TASK TO COMPLETE - Each record must come back unchanged in your answer, stripped of its images.

DATA SHOWN START

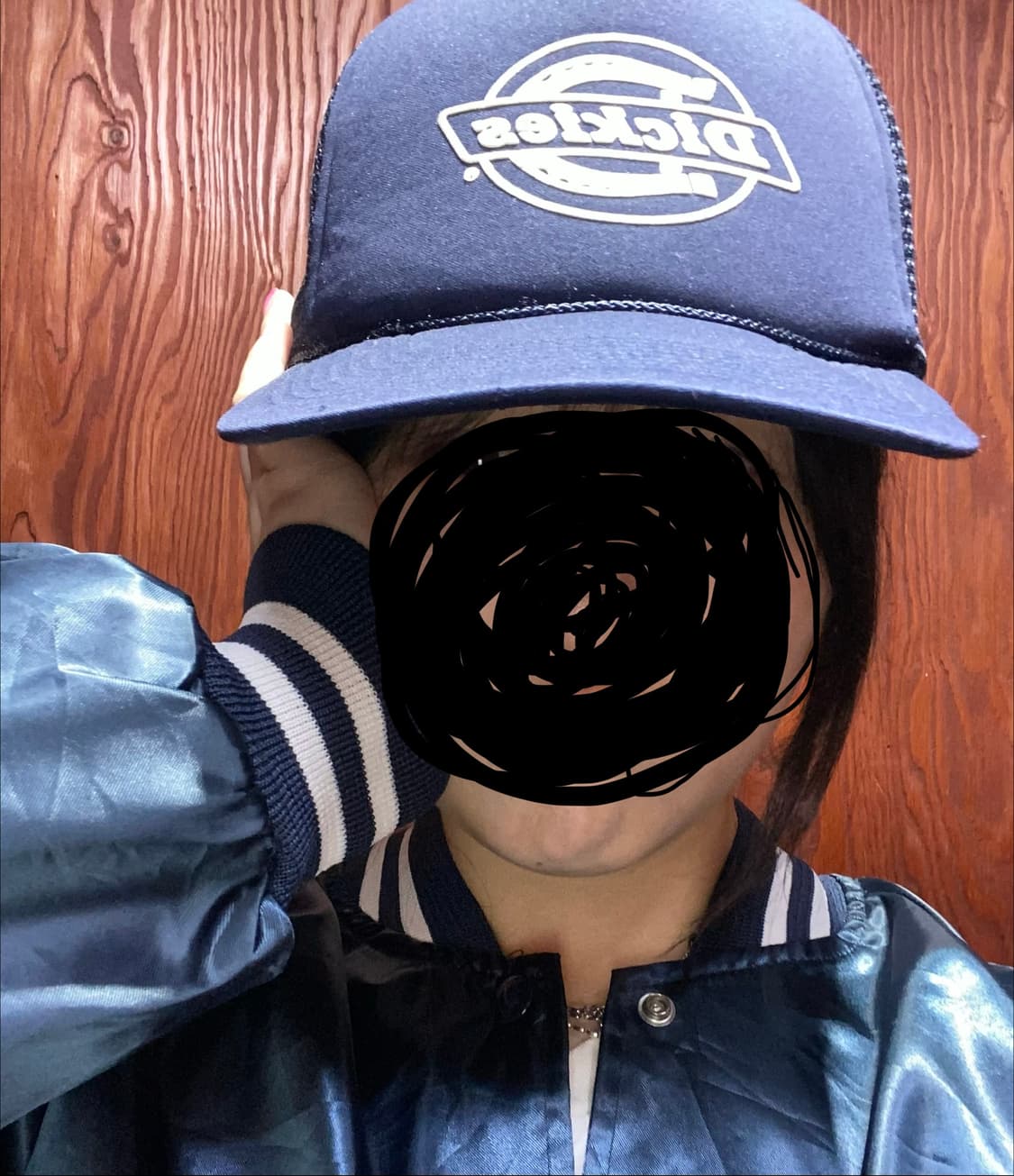 Unique dickies 디키즈 캡 상품이미지2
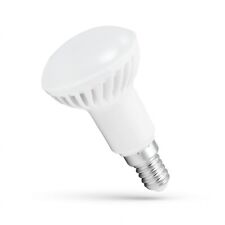 LED E14 6W 230V AC Cool White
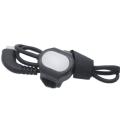 Bicycle Wire Remote Switch for Gaciron V9c-400/v9c-800/v9d-1600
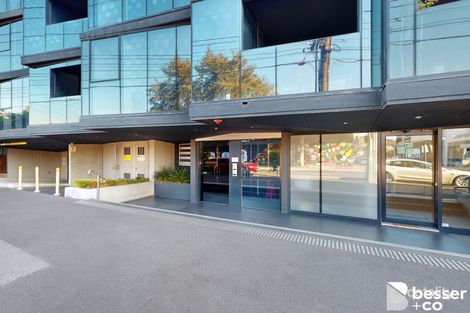 411/136 Burnley St, Richmond, VIC 3121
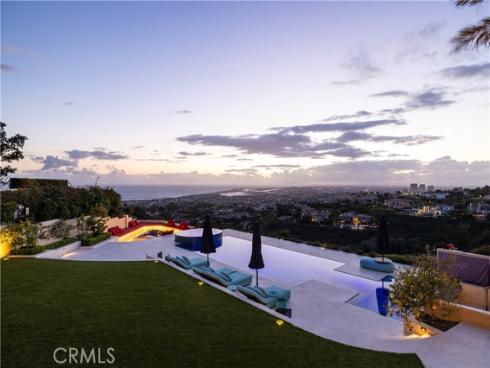 9 Pelican Crest , Newport Coast, CA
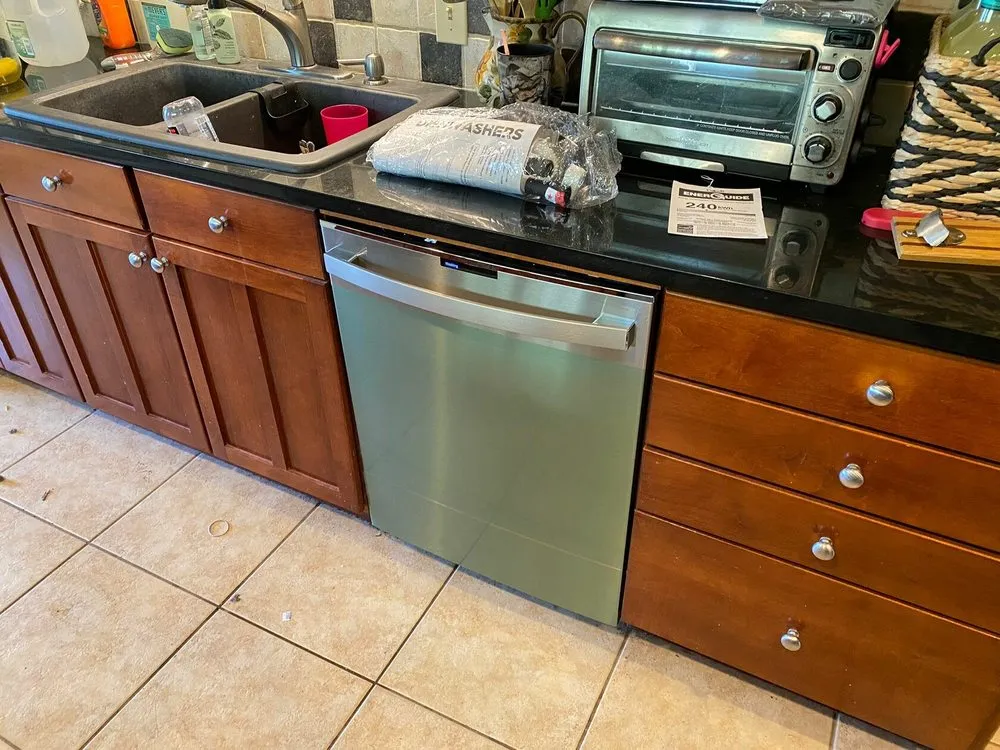 Slide of North Hills Handymen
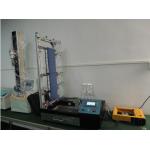 ISO15025 Protective Clothing Flammability Tester With Copper Materail for sale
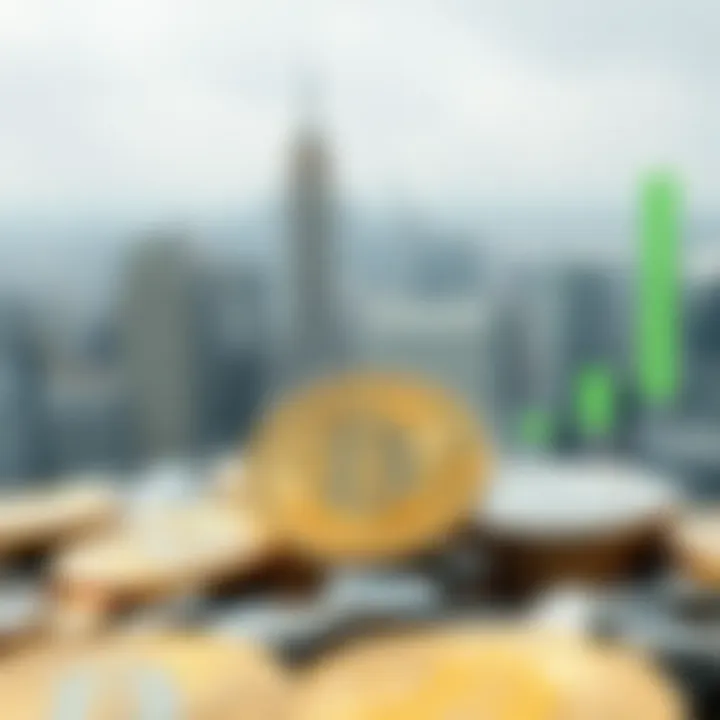 Top Traded Cryptocurrencies: A Comprehensive Analysis Summary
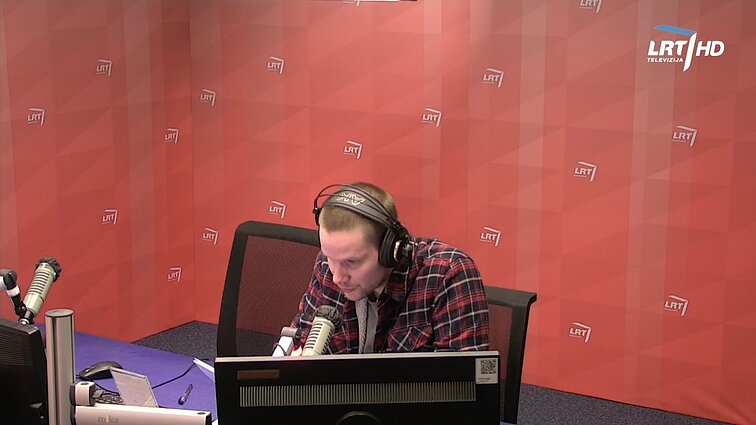 LRT radijo žinios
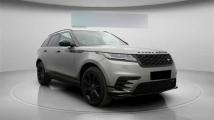 2022 Land Rover Range Rover Velar
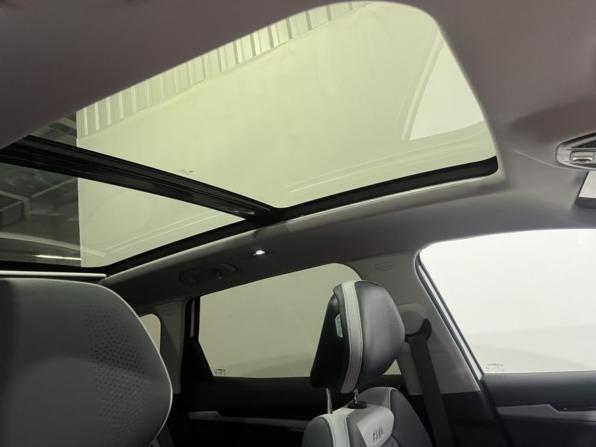 Geely Atlas II с пробегом 2024 года, цена 2 995 000 рублей, 23940 км, внедорожник, Автокод Объявления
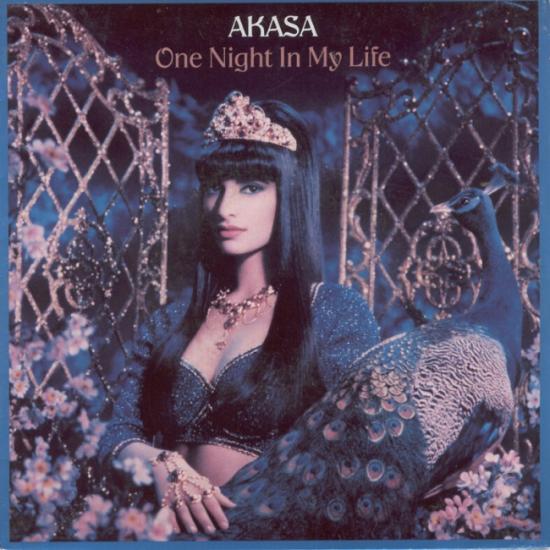 Akasa: One night in my life, 1989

DATA SHOWN END

EXPECTED ANSWER -
 Unique dickies 디키즈 캡 상품이미지2
 LED E14 6W 230V AC Cool White
 Bicycle Wire Remote Switch for Gaciron V9c-400/v9c-800/v9d-1600
 411/136 Burnley St, Richmond, VIC 3121
 9 Pelican Crest , Newport Coast, CA
 Slide of North Hills Handymen
 ISO15025 Protective Clothing Flammability Tester With Copper Materail for sale
 Top Traded Cryptocurrencies: A Comprehensive Analysis Summary
 LRT radijo žinios
 2022 Land Rover Range Rover Velar
 Geely Atlas II с пробегом 2024 года, цена 2 995 000 рублей, 23940 км, внедорожник, Автокод Объявления
 Akasa: One night in my life, 1989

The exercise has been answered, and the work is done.